LICATA. All'ospedale di Licata (Ag) con la risonanza magnetica di ultima generazione è stata smascherata una presunta neoplasia, diagnosticata a un giovane di 28 anni, che ha scoperto che il suo malessere era causato da un «crollo vertebrale da farmaci», che avevano avviato un processo osteoporotico, piuttosto che da un tumore.  «La risonanza magnetica di ultima generazione (1,5 tesla) - spiega Angelo Trigona, direttore del dipartimento interdisciplinare di Scienze radiologiche dell'Asp di Agrigento - ricevuta con i fondi europei, ha dato alla nostra attività di ogni giorno vantaggi prima impensabili.
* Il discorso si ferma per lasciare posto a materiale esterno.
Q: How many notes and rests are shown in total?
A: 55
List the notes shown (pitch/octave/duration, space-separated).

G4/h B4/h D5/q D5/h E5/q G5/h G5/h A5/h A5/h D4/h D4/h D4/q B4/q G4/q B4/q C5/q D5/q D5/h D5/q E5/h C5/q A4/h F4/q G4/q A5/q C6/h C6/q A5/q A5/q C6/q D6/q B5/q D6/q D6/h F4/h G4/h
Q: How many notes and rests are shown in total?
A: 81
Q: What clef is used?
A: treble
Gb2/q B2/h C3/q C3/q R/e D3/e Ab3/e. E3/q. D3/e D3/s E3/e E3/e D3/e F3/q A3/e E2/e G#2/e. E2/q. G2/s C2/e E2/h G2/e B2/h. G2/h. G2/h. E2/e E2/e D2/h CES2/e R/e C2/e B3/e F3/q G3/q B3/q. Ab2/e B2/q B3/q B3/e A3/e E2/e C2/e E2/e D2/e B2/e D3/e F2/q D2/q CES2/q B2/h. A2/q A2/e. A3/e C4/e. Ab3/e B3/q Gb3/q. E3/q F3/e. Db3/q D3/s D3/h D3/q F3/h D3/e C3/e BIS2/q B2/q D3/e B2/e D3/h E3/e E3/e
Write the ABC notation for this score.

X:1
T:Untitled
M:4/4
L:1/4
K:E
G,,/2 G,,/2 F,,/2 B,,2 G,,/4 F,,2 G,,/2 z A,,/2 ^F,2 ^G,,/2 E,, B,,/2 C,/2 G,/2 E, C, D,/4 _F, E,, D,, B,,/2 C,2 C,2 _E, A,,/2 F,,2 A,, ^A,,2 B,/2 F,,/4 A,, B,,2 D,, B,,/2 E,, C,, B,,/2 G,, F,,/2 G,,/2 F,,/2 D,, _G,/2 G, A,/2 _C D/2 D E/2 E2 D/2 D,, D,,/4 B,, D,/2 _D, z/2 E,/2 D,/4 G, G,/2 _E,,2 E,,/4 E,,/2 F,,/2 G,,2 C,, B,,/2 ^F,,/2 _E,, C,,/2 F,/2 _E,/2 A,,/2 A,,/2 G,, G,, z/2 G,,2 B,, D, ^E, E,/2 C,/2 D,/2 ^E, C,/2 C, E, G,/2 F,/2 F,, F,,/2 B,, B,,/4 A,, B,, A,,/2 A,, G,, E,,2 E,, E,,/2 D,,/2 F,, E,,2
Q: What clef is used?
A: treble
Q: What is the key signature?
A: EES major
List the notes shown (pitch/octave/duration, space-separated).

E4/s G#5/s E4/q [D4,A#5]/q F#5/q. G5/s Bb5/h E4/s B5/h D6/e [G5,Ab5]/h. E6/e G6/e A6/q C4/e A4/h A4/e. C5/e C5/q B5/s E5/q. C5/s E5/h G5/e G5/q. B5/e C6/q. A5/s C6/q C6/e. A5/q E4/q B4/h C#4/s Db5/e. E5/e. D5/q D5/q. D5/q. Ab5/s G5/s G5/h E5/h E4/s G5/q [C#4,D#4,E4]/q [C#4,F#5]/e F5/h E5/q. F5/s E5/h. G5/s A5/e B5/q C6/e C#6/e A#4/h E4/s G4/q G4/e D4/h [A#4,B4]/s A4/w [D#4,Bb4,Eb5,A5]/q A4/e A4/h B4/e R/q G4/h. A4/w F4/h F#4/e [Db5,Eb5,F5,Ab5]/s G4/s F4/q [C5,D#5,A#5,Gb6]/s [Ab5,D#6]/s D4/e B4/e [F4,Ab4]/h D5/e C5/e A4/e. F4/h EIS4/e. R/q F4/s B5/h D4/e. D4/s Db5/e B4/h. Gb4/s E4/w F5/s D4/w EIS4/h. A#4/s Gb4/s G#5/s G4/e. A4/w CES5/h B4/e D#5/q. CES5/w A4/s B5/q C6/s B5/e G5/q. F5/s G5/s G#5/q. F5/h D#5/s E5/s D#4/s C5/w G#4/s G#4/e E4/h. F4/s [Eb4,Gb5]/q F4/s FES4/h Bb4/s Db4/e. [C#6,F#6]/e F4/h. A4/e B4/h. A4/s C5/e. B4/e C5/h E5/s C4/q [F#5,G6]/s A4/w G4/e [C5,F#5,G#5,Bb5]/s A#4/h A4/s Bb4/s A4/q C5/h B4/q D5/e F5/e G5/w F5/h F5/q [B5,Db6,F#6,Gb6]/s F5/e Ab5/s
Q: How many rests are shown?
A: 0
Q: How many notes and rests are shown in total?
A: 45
Intanto, l'intera equipe è sicuramente cresciuta professionalmente, perchè il carattere altamente performante dell'apparecchiatura permette di compiere esami di elevato potere diagnostico». «L'introduzione della nuova risonanza inoltre - prosegue - è stata accompagnata da un costante processo di formazione del personale sanitario, per un più appropriato utilizzo. Crescita professionale e tecnologica insieme che hanno generato vantaggi enormi».  Grazie ai fondi Po Fesr 2007/2013, l'Asp di Agrigento è stata dotata nei mesi scorsi di due risonanza magnetiche di ultima generazione (Canicattì e Licata) e di due mammografi digitali (Agrigento e Sciacca), per le attività di prevenzione e screening del tumore al seno.